Justin monta à son tour, après avoir donné son adresse au cocher.
Quand il fut assis auprès de la fillette, il éprouva un inexprimable
embarras. Loin de calmer cet embarras, la surprenante tranquillité de
Lily l'augmentait.
--On est bien ici, dit-elle, dès que les chevaux s'ébranlèrent. C'est la
première fois que je vais en voiture.
Et comme si elle eût voulu mettre le comble à la détresse de Justin, elle
ajouta:
--Les conducteurs d'omnibus ne me laissent pas monter.

III
Un éclat de rire
Le plus large de tous les abîmes creusés par l'orgueil ou l'intérêt entre
deux créatures humaines est certainement celui qui sépare le Blanc du
Noir, aux colonies.
La libre Amérique, tout en émancipant les Noirs, a rendu plus profond
le fossé qui les excommunie. En aucun pays du monde le «bois
d'ébène» n'est aussi franchement maltraité que dans les États
abolitionnistes de l'Union.
Eh bien! l'Europe, habituée pourtant aux insolences
hyper-aristocratiques de ces démocrates, poussa un jour un long cri
d'indignation en lisant l'histoire de cette pauvre négresse, jetée hors
d'un omnibus à New York, par la brutalité d'une demi-douzaine de
philanthropes.
Car ils s'expliquèrent, ces coquins de Yankees!

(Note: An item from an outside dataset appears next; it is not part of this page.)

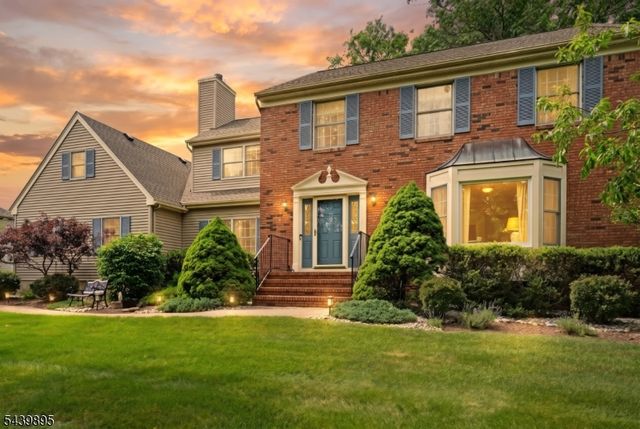 16 McIntire Dr, Hillsborough Twp., NJ 08844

Ils ont toujours le
courage de leurs opinions. En lançant sur le macadam la misérable
femme qui était enceinte et qui, en tombant, se blessa cruellement, ils
établirent cette distinction américaine: «Nous voulons que les Noirs

soient libres, mais nous ne voulons pas qu'ils souillent l'air d'une
voiture publique où sont des Blancs!»
C'est un joli peuple et pourri de logique.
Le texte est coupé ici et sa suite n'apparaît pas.